═════ MATERIALS PROVIDED

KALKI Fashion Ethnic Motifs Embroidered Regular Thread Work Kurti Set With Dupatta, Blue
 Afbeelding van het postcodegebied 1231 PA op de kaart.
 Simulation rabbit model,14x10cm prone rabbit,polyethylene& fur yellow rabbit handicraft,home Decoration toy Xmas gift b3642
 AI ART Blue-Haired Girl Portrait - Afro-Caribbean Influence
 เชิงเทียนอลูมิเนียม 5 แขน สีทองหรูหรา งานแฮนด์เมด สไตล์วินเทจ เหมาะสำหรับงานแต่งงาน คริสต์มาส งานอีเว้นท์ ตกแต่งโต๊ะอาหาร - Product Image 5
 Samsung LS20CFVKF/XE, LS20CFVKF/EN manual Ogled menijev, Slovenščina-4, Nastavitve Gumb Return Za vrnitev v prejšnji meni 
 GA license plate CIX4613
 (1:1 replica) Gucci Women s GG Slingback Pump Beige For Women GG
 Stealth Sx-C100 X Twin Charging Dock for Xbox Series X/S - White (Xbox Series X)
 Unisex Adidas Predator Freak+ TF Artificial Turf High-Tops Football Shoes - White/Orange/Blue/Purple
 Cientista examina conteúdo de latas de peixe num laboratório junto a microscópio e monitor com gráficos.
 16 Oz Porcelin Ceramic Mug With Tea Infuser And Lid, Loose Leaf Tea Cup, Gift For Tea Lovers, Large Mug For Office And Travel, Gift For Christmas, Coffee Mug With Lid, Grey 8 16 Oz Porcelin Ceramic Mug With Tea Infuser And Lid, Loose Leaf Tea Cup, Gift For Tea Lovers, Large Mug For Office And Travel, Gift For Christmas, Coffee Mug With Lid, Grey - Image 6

══════════

§ WORK ITEM: Write the entries out once more, exactly, without dropping a line.

§ EXERCISE RESPONSE:
KALKI Fashion Ethnic Motifs Embroidered Regular Thread Work Kurti Set With Dupatta, Blue
 Afbeelding van het postcodegebied 1231 PA op de kaart.
 Simulation rabbit model,14x10cm prone rabbit,polyethylene& fur yellow rabbit handicraft,home Decoration toy Xmas gift b3642
 AI ART Blue-Haired Girl Portrait - Afro-Caribbean Influence
 เชิงเทียนอลูมิเนียม 5 แขน สีทองหรูหรา งานแฮนด์เมด สไตล์วินเทจ เหมาะสำหรับงานแต่งงาน คริสต์มาส งานอีเว้นท์ ตกแต่งโต๊ะอาหาร - Product Image 5
 Samsung LS20CFVKF/XE, LS20CFVKF/EN manual Ogled menijev, Slovenščina-4, Nastavitve Gumb Return Za vrnitev v prejšnji meni 
 GA license plate CIX4613
 (1:1 replica) Gucci Women s GG Slingback Pump Beige For Women GG
 Stealth Sx-C100 X Twin Charging Dock for Xbox Series X/S - White (Xbox Series X)
 Unisex Adidas Predator Freak+ TF Artificial Turf High-Tops Football Shoes - White/Orange/Blue/Purple
 Cientista examina conteúdo de latas de peixe num laboratório junto a microscópio e monitor com gráficos.
 16 Oz Porcelin Ceramic Mug With Tea Infuser And Lid, Loose Leaf Tea Cup, Gift For Tea Lovers, Large Mug For Office And Travel, Gift For Christmas, Coffee Mug With Lid, Grey 8 16 Oz Porcelin Ceramic Mug With Tea Infuser And Lid, Loose Leaf Tea Cup, Gift For Tea Lovers, Large Mug For Office And Travel, Gift For Christmas, Coffee Mug With Lid, Grey - Image 6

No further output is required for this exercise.